September 5, 2008

Recipe for success: Second Helpings feeds the hungry in Indianapolis

Volunteer Tim Barbour of Indianapolis stirs about 600 servings of spaghetti in a 35-gallon tilt skillet at the Second Helpings production kitchen. St. Joan of Arc parishioner Nora Spitznogle of Indianapolis, director of operations for Second Helpings, said “everything happens on a giant scale here.” (Photo by Mary Ann Wyand)

Volunteer Tim Barbour of Indianapolis stirs about 600 servings of spaghetti in a 35-gallon tilt skillet at the Second Helpings production kitchen. St. Joan of Arc parishioner Nora Spitznogle of Indianapolis, director of operations for Second Helpings, said “everything happens on a giant scale here.” (Photo by Mary Ann Wyand)

By Mary Ann Wyand

Through its unique recipe for success, Second Helpings offers free, nutritious meals and second chances to low-income people living in the Indianapolis area.

Key ingredients are food rescue, job training and hunger relief. Add generous dashes of volunteer help and stir in donations then mix with friendship.

The not-for-profit organization’s mission statement of “eliminating hunger and empowering people” is an ambitious goal, but amazingly not a daunting one for the efficient 21-member staff. (See a photo gallery)

Every Monday through Saturday, staff members, culinary students and volunteers work together to prepare and deliver 2,900 meals daily—which are hot and ready to eat—to more than 50 social service organizations that feed hungry people in central Indiana. Almost half of the food goes to agencies that serve children.

To accomplish that incredible task six days a week, Second Helpings staff members and volunteers, many of them Catholic, rescue more than 100,000 pounds of donated perishable and overstocked food in the Indianapolis area every month.

In the organization’s production kitchen, food donations are quickly transformed into nutritious lunches for children in center city day care programs, senior citizens and homeless people who seek help at the Wheeler Mission downtown.

As chief executive officer of Second Helpings, Cynthia Hubert of Indianapolis has seen lots of successes in the organization’s day-to-day operations—from generous corporate support and enthusiastic volunteer groups to a former prisoner’s employment at a restaurant after completing the culinary job training program.

Earlier this year, Hubert said, a day care provider called Second Helpings to offer her thanks for the nectarines sent with their lunches, a fruit that she said many of the children had never eaten before.

“We save the [social service] agencies almost $2 million a year because we’re providing food and they don’t have to run a kitchen or buy food,” she said. “We bring it in and it’s all free.”

Some of the rescued food is used by staff members during cooking classes to train unemployed or underemployed adults for careers in the restaurant industry.
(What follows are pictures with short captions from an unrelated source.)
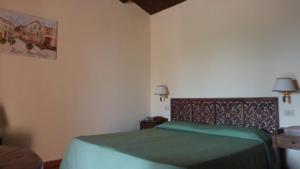 Letto o letti in una camera di illicini stabilimento balneare e albergo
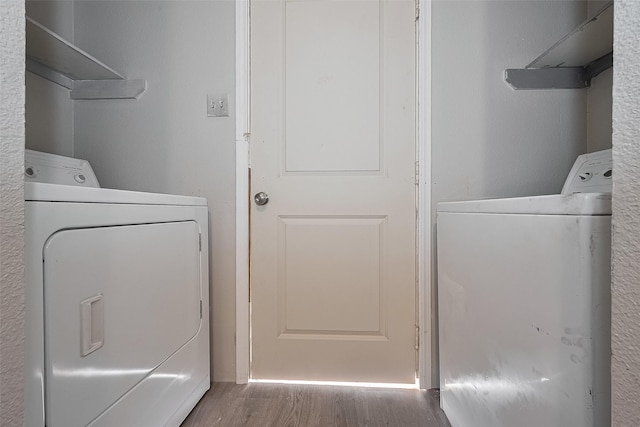 8621 Rustling Lvs Dr, Houston, TX 77083 - laundry area with washing machine and dryer and wood finished floors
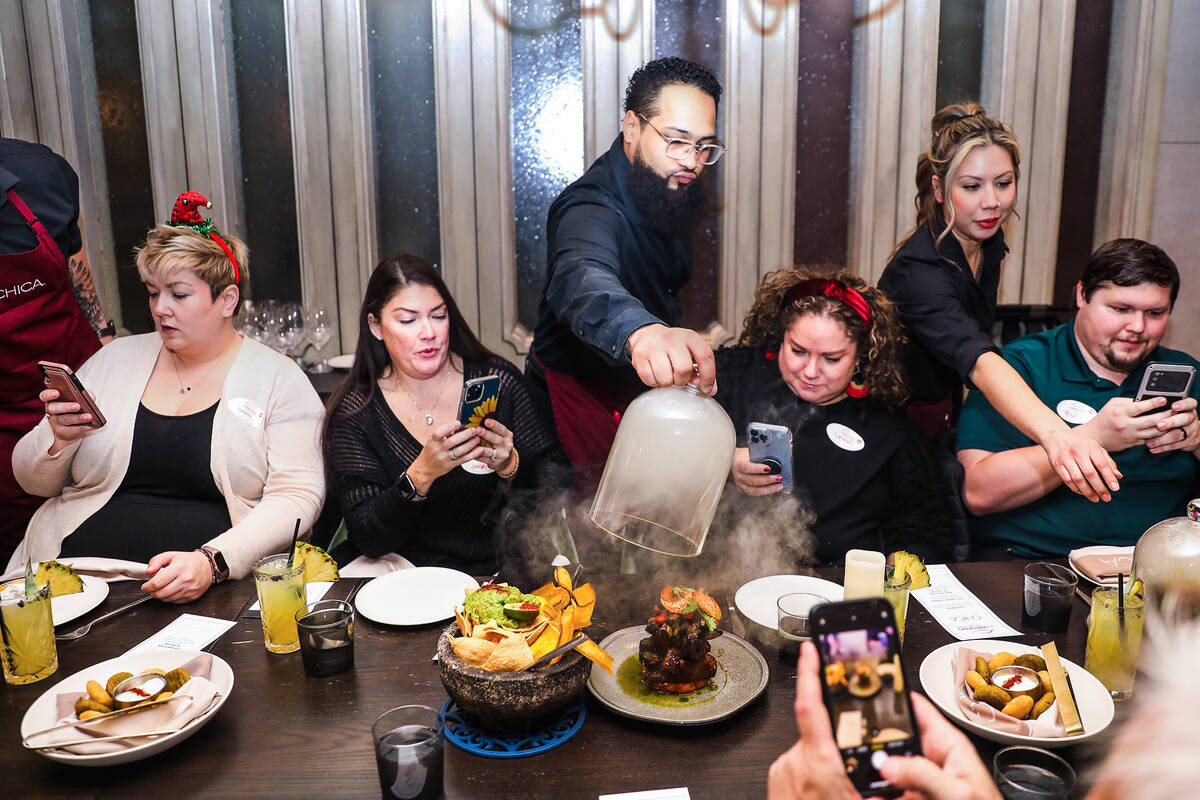 Server Lamar Graham showcases the baby back ribs “al pastor” dish to guests Sara Barlow, fr ...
“We have the wonderful blessing of getting good food and good people to prepare it,” Hubert said. “We have a good time in the kitchen dreaming up nutritious meals that the kids will want to eat. Our volunteers even cut the meat and vegetables into smaller pieces if the meal is going to feed children. … Our volunteers like the people to know that they care about preparing their food.”

Founded in 1998, Second Helpings is a United Way agency that now operates in commercial kitchen facilities at the Eugene and Marilyn Glick Center, 1121 Southeastern Ave., in Indianapolis.

In just 10 years, Hubert explained, Second Helpings staff members and volunteers have collected 10 million pounds of food and provided 3.9 million meals to recipient agencies.

Also in the last decade, she said, more than 300 disadvantaged adults have graduated from the organization’s culinary job training program and found employment at area restaurants.

Bill Bickel, director of the archdiocese’s Holy Family Shelter in Indianapolis, said the shelter was one of the first receiving agencies for meals from Second Helpings 10 years ago.

Bickel refers shelter clients to Second Helpings for culinary job training, and the shelter’s kitchen manager completes their serve-safe training, a food handling certification program for public kitchens required by the state and county health departments.

Hubert said Second Helpings’ mission is made possible by and dependent upon financial support, volunteer help and food donations from central Indiana corporations, restaurants, grocery stores, faith communities and individuals.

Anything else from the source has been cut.